Additionally, we do not find anywhere in the Torah or talmud or the Rambam or the Shulchan Aruch that a convert must move to a Jewish community prior to conversion and on the contrary the Rambam himself writes (Laws of Kings 5, 7) that a Jew is allowed to live anywhere in the world that he wishes except for Egypt and off course this includes the converts as well since we must treat them as full fledged Jews in every way like it is written many times in the Torah (Lev. 16, 29, ibid. 18, 26, Numbers 15, 14, ibid, 15, 29). It follows that if one rejects a potential convert due to this he is acting contrary to halacha since we may not be overly exacting on them and overly discourage them or delay them as mentioned above since we are thereby delaying a mitzva without any halachic justification. Also we are thereby preventing the potential convert from studying Torah and doing mitzvot and thereby robbing from him his portion in the world to come.
Thus, in conclusion we find that according to Jewish law it is forbidden to teach potential converts the intricacies of Jewish law and likewise it is forbidden to draw out their conversion process for years. Also, one may not require them to be tested regarding this. And one may not obligate them to move to a Jewish community prior to conversion as a prerequisite. And all this stands in stark contrast to the tradition passed down to us from Mount Sinai as taught in the Talmud and the Rambam and the Jewish code of law the Shulchan Aruch.
Why then is a potential convert asked to join a community or else he can’t undergo conversion?
While I am not aware of such a requisite, we must understand that the Bais Din that is doing the conversion, i.e. the Israeli Rabbanut, has to be confident that the conversion is done halachically correct, and that the conversion will be a successful one.

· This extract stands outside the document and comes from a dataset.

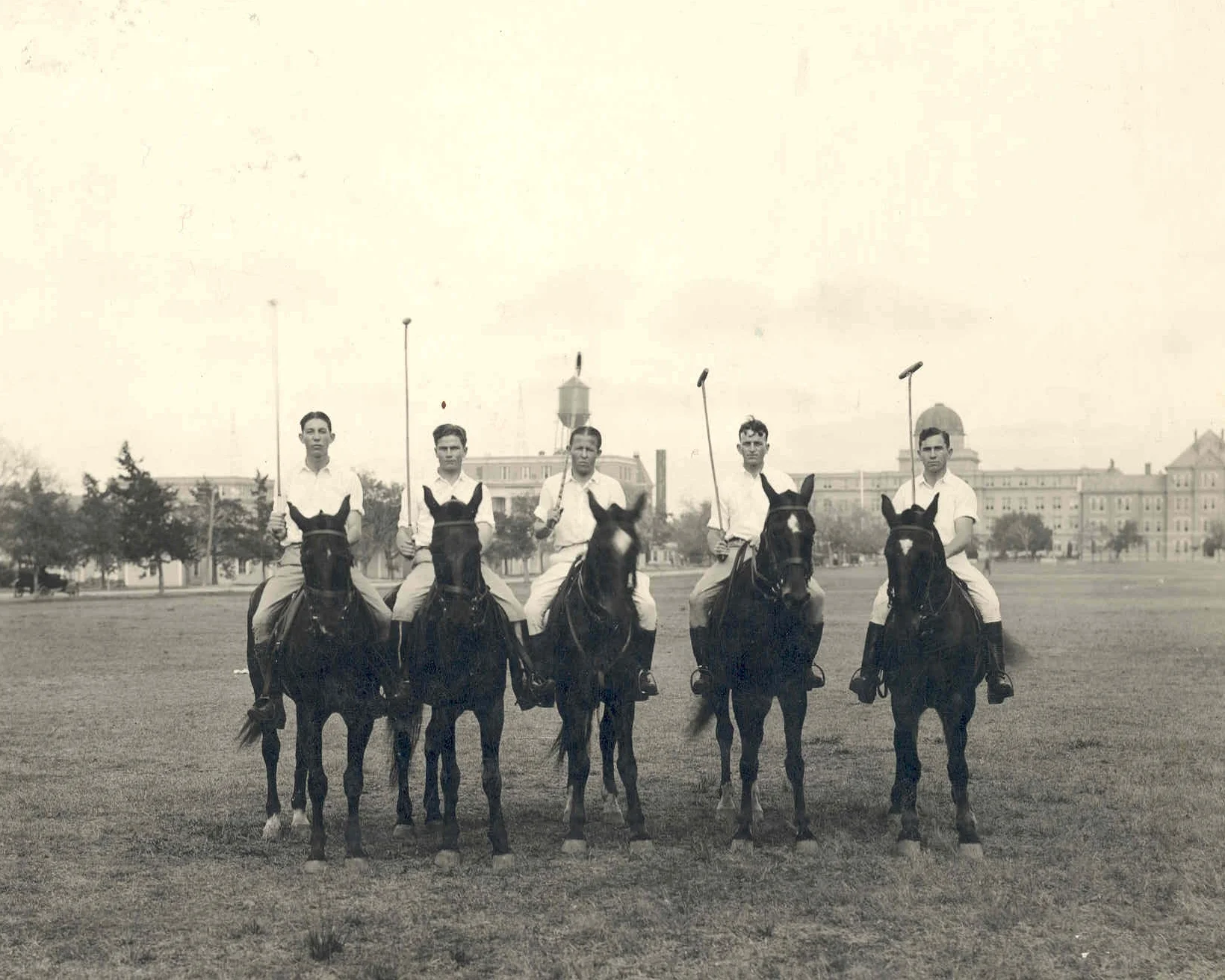 R.A. Brown on the Polo Team at Texas A&M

When a person converts, he has to accept to fulfill all of the biblical commandments, rabbinic injunctions and even the customs of the Jewish people. If he isn’t really serious about keeping all of the halachos, then the first condition of conversion- kabolas mitzvos has not been fulfilled. Nowadays unfortunately there are many conversions (conservative, reform etc.) that are done when the “convert” no intention of keeping all of the mitzvos. Additionally, statistically, a large percentage of converts who were serious and sincere in their conversion, revert back to their old way of life. Truthfully, a person that does not live in a Jewish community, does not have the needs that a Jewish person has, shul, mikvah, schools, kosher food, etc. will have a very hard time actually keeping the mitzvos. If the convert doesn’t have the communal, and emotional support it will be very hard for him to keep all of this up all on his own. (It was VERY hard on Avrohom Aveinu to be the only Jew around, and that is why he was awarded the term Avrom Hivri- that he was on one side and the whole world on the other.) Therefore, although technically, the Bais Din make a person a ger if he claims that he is sincere, however from a practical angle, if he is going to find it too hard, which happens often, the convert will end up being a Jewish rasha, instead of a righteous gentile. Again, it is not a condition that is a requisite, but on the other hand this is the practical reason why they might want it.